Now, as the tall witch with strict lines on her face and in her clothes led them into a massive hall, Harry felt unordinary. He couldn't help but think that something was going to happen and he had no idea if it would be good or bad. Everything about the wizarding world had been enchanting so far. Invigorating, hopeful, like a new life. A corner of his mind wondered it must be too good to be true, and if that was what he felt.

He looked up as the teacher, Professor McGonagall, placed a hat and stool purposefully at the front of the room, in the center of the four lines of colorful tables, and before the long table full of adults. He looked around at the other students faces, but they had the same almost frowns and glancing curious gaze that he did. The professor spoke and all attention fell on her.  
“When I call your name, walk up to the stool. When your house is named, walk over to the appropriate table.” She said, emphasising walk in a way that reminded Harry that teachers here were not that different than muggle teachers. “Abbot, Hannah.”

A short, chubby girl walked quickly up to the hat and tripped up and nearly onto the stool. The hat covered half her face. The hall went silent except for some whispering behind Harry. He glanced back and staggered a bit as the students behind him shuffled abruptly further into the hall. He felt whoever he bumped into and the students in front of him push back a little, and the whispering get a little louder. Most of the students around him were trying to look over the heads of the students in back to see what was happening until the hat suddenly yelled

“HUFFLEPUFF!” Just like that the students stilled and everyone was looking forward again. Harry blinked at the strange word and decided that there were a great deal of things he had neglected to ask Hagrid. Professor McGonagall took the hat and pointed, and Hannah Abbot, Hufflepuff, ran off towards the yellow table.

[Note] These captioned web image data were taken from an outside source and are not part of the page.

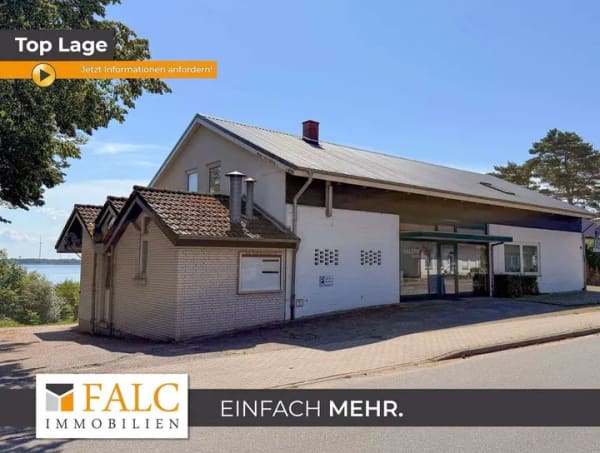 Immobilie in Groß Wittensee - Viel Platz in erster Seelage am Wittensee - Bild 0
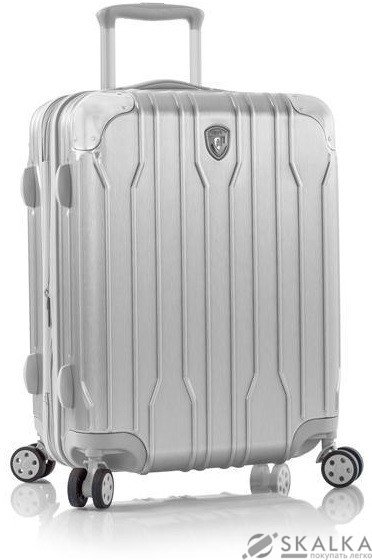 На фото Чемодан Heys Xtrak (S) Silver (925198)
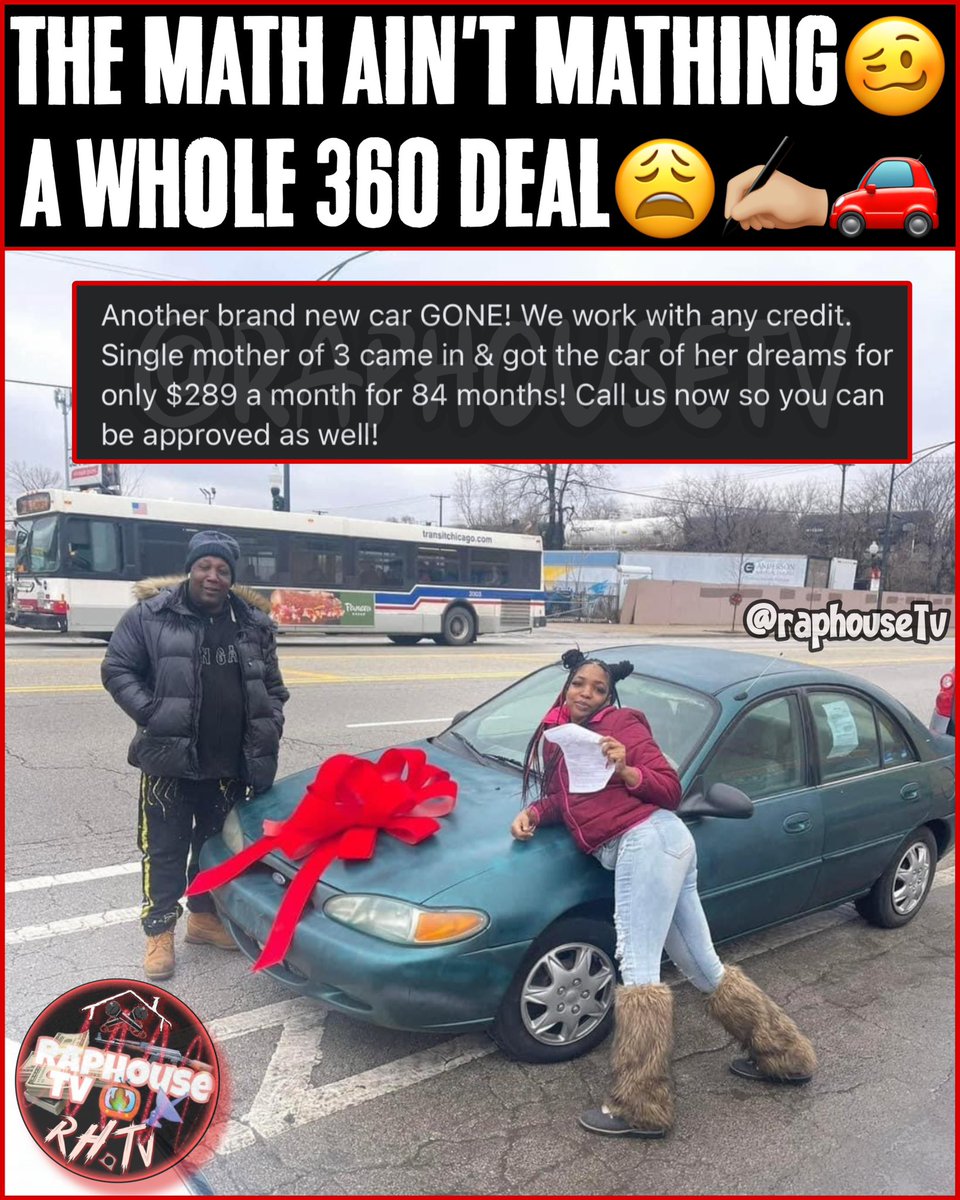 The Math Ain’t Mathing 🥴 Shawty signed a whole 360 deal😩✍🏼💯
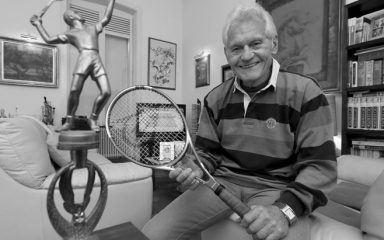 Preminuo je Boro Jovanović, jedan od najboljih hrvatskih tenisača svih vremena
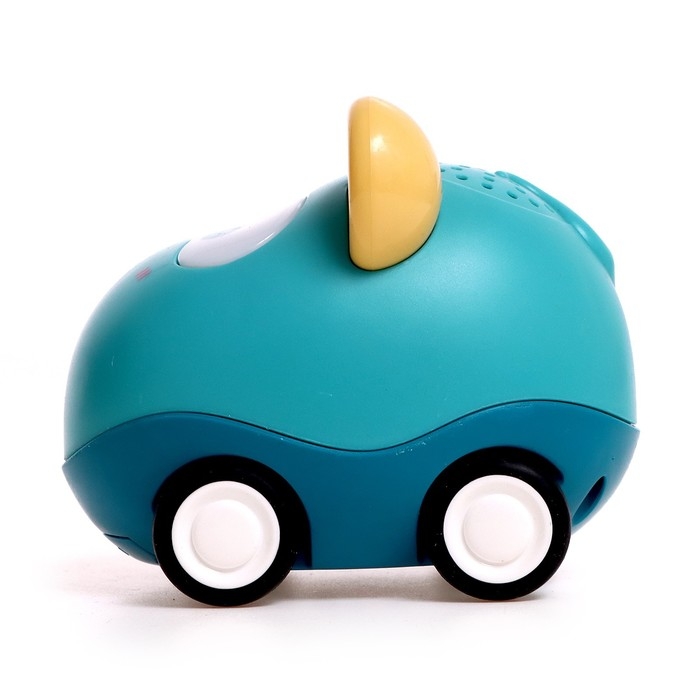 Музыкальная игрушка &laquo;Весёлые машинки&raquo;, свет, цвет зелёный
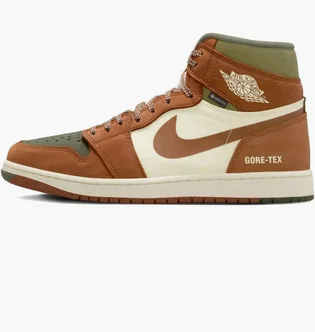 Кроссовки мужские Air Jordan 1 High Element Gore-Tex Sand Coffee Brown DB2889-102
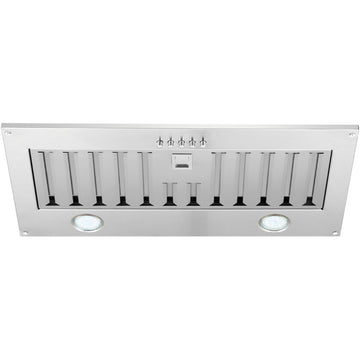 Schweigen 60cm UnderMount On Board Motor Rangehood Stainless Steel SWU-6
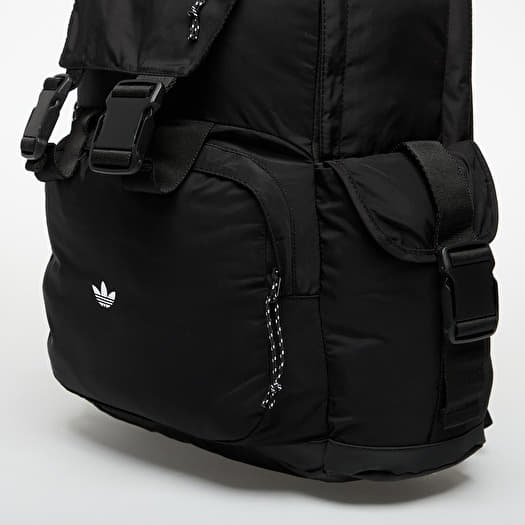 バック Sprayground - Дитячий чорний рюкзак SHARK CENTRAL PARCHUTE DLX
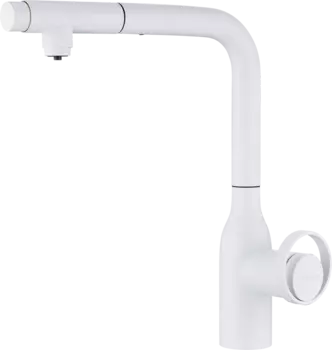 Смеситель для кухни Paulmark Urban Ur213104-431 матовый белый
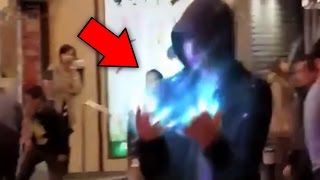 Top 5 People With Superpowers Caught On Tape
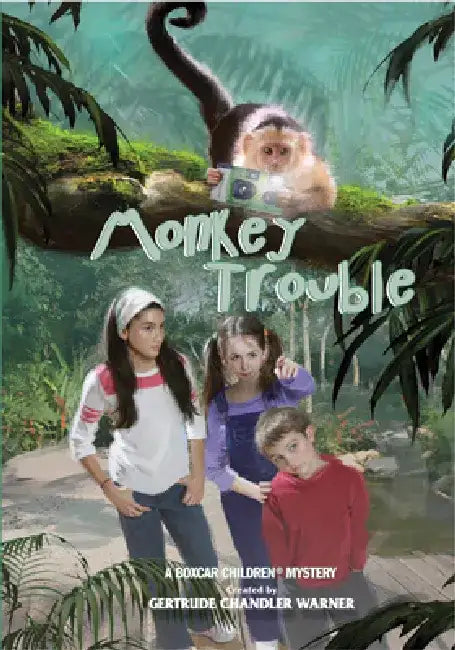 Monkey Trouble by Gertrude Warner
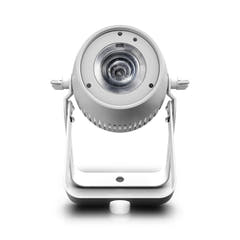 Cameo Q-SPOT 40 RGBW WH - Kompakt spotljus med 40W RGBW LED i vitt kabinett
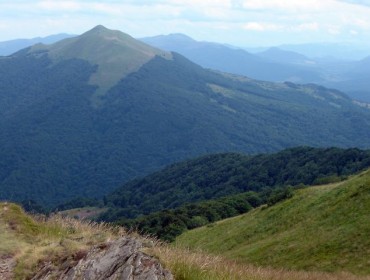 Bieszczady - Połonina Wetlińska (fot. Symphony - Wikipedia)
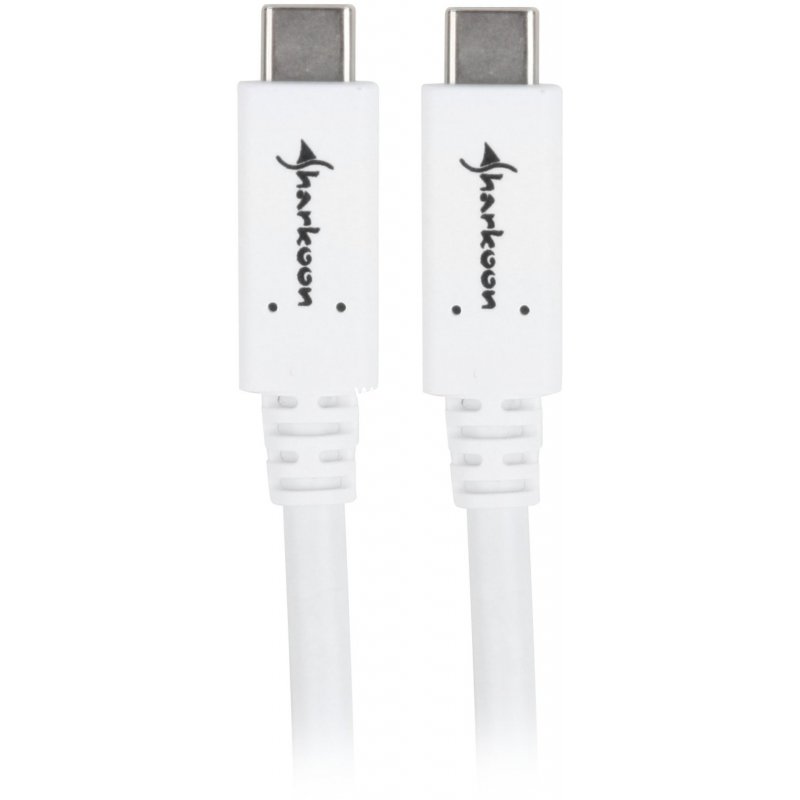 Sharkoon USB 3.1 C-C            wh 1,0m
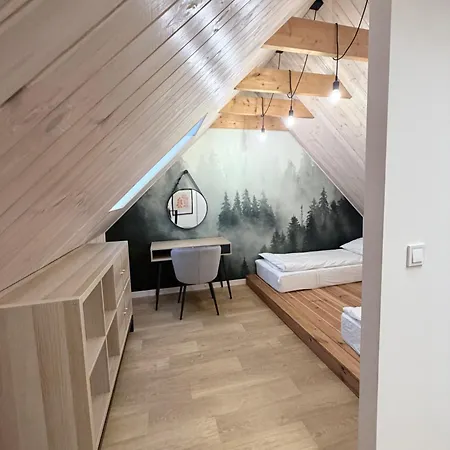 Mazurskie Swierklove Ferienhaus Karwik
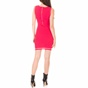 GUESS-Γυναικείο μίνι φόρεμα GUESS BAYLEE κόκκινο 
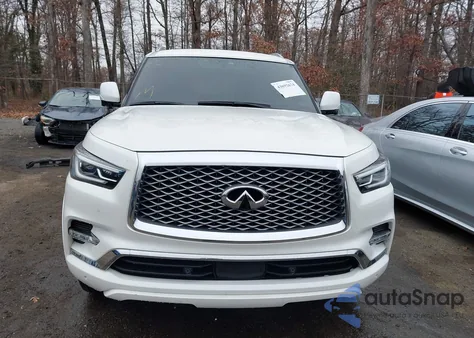 2022 Infiniti Qx80 Luxe z USA, uszkodzony, nr VIN JN8AZ2AFXN9743314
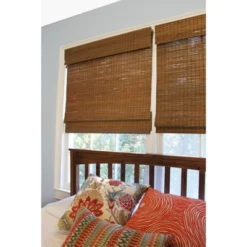 Radiance Cape Cod 30-in Cordless Maple Roman Shade -Home Improvement Store GUEST eb7d6ecf 6921 43fd 973a ab7d3dbe56fe 1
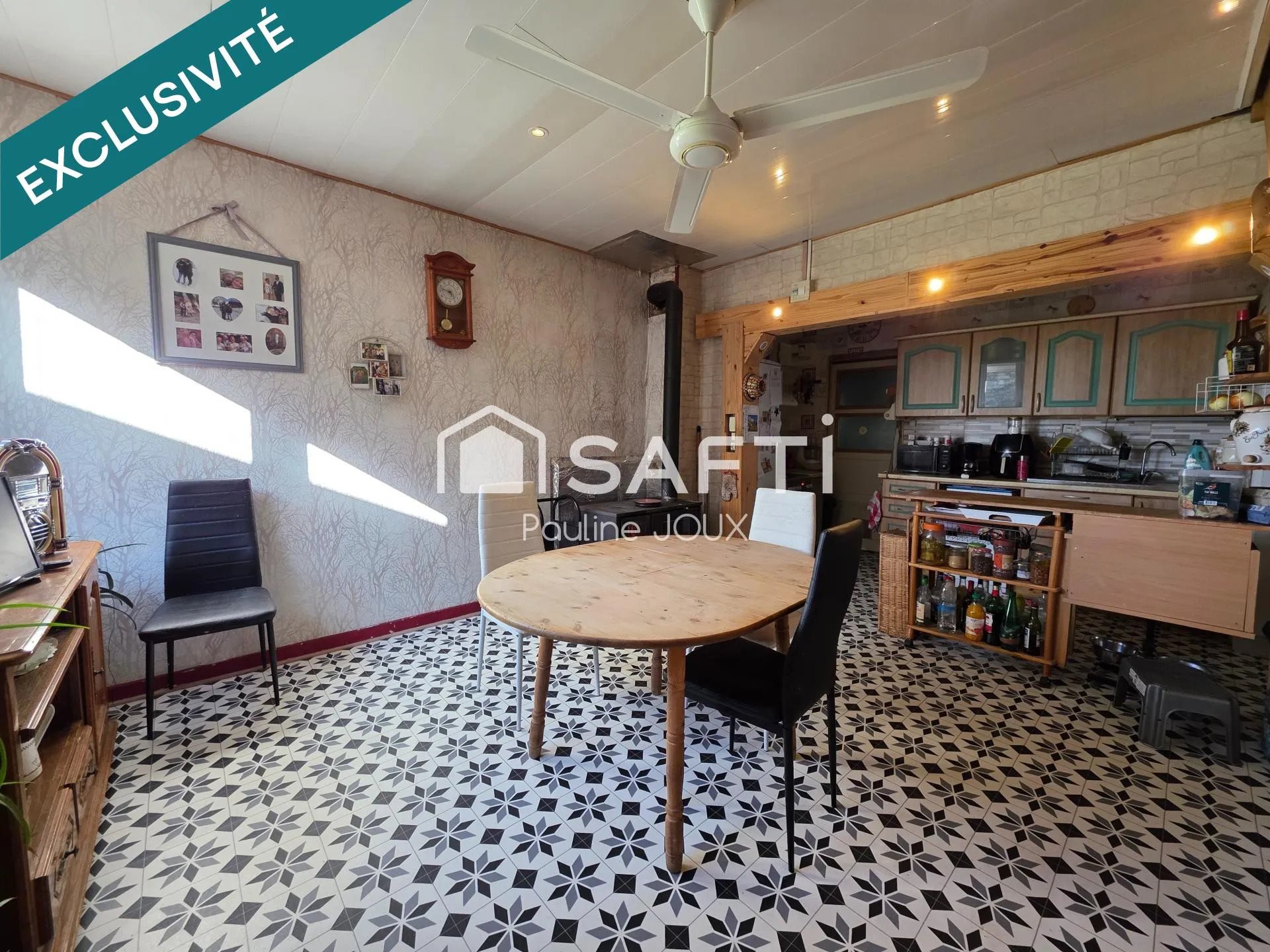 Maison à vendre, 110m², Houécourt
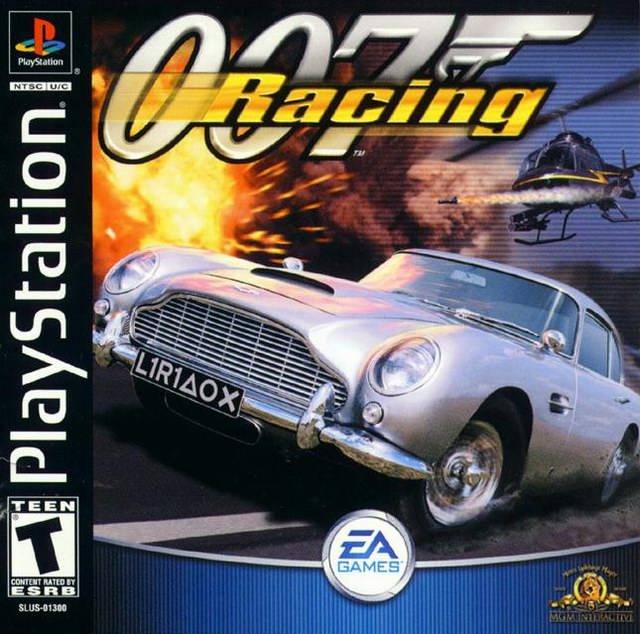 Jogo 007 Racing para PlayStation - Dicas, análise e imagens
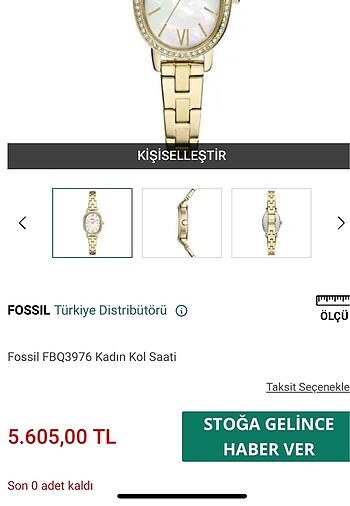 Fossil Fossil saat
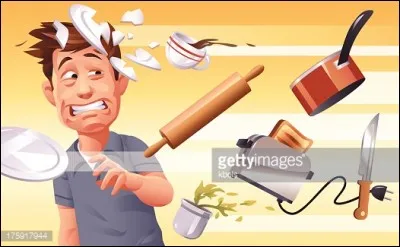 Si cet homme marié a fait la fête jusqu'à 5 H du matin, que va-t-il se passer pour lui, quand il va retrouver sa femme jalouse, à son retour ?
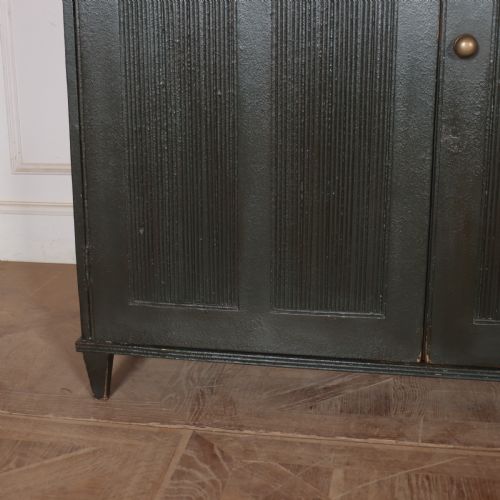 NARROW SWEDISH PAINTED ENFILADE - ADDITIONAL PHOTO 1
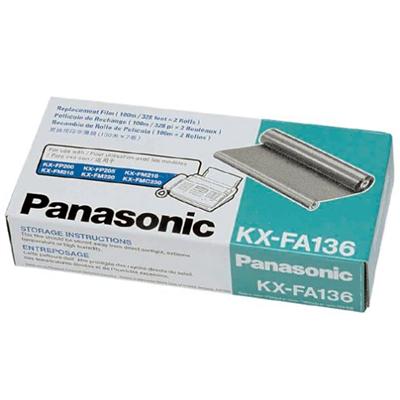 Panasonic Audio KXFA136 100 Meter Film roll 2 pack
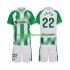 Nogometni Dres Real Betis Isco 22 Dječji Domaći 2026-2027 Kratkih Rukava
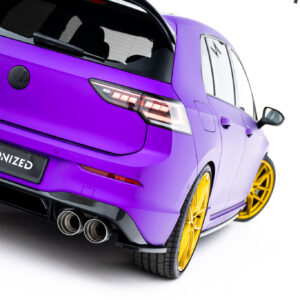 Maxton Design Задние боковые спойлеры V.1 для Volkswagen Golf R Hatchback Mk8 Facelift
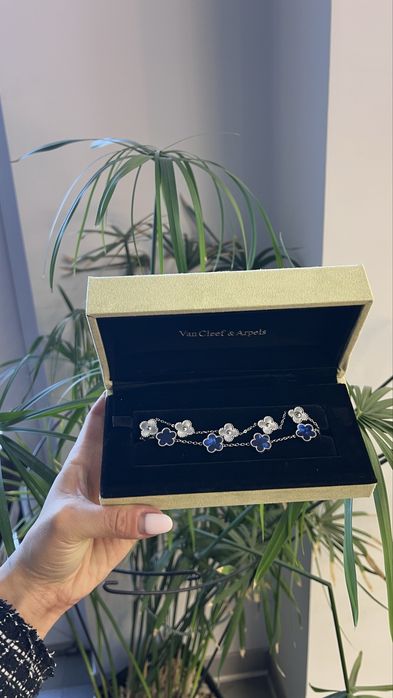 Елегантні браслети в стилі Van Cleef — витонченість у кожній деталі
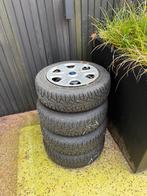 4 winterbanden op stalen velg, Auto-onderdelen, Banden en Velgen, Ophalen, 14 inch, Gebruikt, 175 mm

The hissing whispers started up again and Harry heard a slightly louder “Git”. So did the eleven year olds around him, judging by the almost synchronised turning of heads back towards the voices, then quickly forward again as another student was called forward.

The hat shouted Hufflepuff several more times and Harry was just starting to wonder if it was a magic spell, or some way to say the hat was finished. Someone budged past him suddenly, or past the person next to him. It was hard to tell. Then the hat shouted a new word and Terry Boot walked off to the blue table instead of the yellow one. Harry frowned. Hufflepuff didn’t mean done. Perhaps it meant yellow.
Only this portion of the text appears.